Sometimes when you are running a MapReduce job your Map task and (or) reduce task may require some extra data in terms of a file, a jar or a zipped file in order to do their processing. In such scenarios you can use Distributed cache in Hadoop MapReduce.
What is distributed cache
Distributed cache in Hadoop provides a mechanism to copy files, jars or archives to the nodes where map and reduce tasks are running. Initially the specified file is cached to the HDFS, once the task is about to run Node manager copies the cached file to the local disk of the node where task is running.
How to use Distributed cache in Hadoop
Earlier DistributedCache class methods were used to add files to distributed cache but that whole class is deprecated now.

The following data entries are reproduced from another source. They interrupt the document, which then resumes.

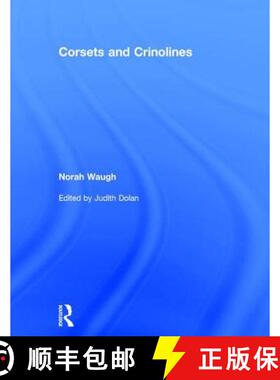 【3-4周达】Corsets and Crinolines [9781138665644]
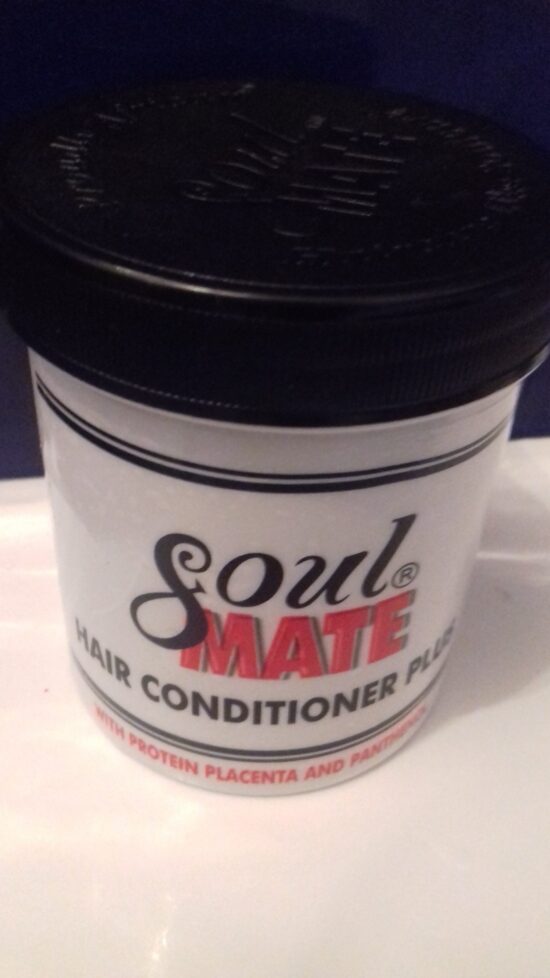 SoulMate Hair Conditioner Plus Cream' - 180G (1X)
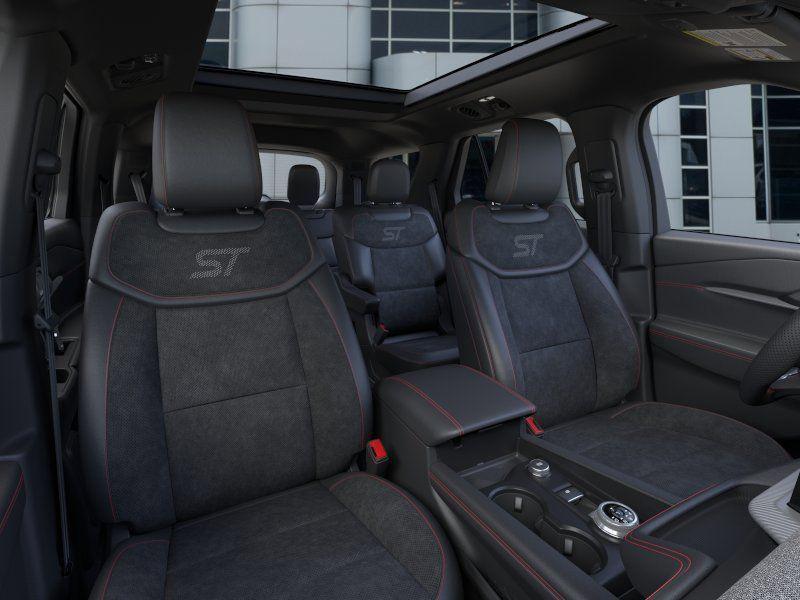 new 2026 Ford Explorer car, priced at $61,817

You need to use methods in Job class to add the files to distributed cache, methods that can be used are as follows.
- public void addCacheArchive(URI uri)- This method is used to add an archive to be localized. Archived file will be unarchived on the node where task is running.
- public void addCacheFile(URI uri)- This method is used to add a file to be localized.
- public void setCacheArchives(URI[] archives)- Set the given set of archives that need to be localized.
- public void setCacheFiles(URI[] files)- Set the given set of files that need to be localized.
- public void addFileToClassPath(Path file)- This method adds a file path to the current set of classpath entries. It adds the file to cache as well.
- public void addArchiveToClassPath(Path archive)- This method adds an archive path to the current set of classpath entries. It adds the archive to cache as well.
If you are using GenericOptionsParser and ToolRunner in MapReduce code then you can pass the files to be added to the distributed cache through command line too.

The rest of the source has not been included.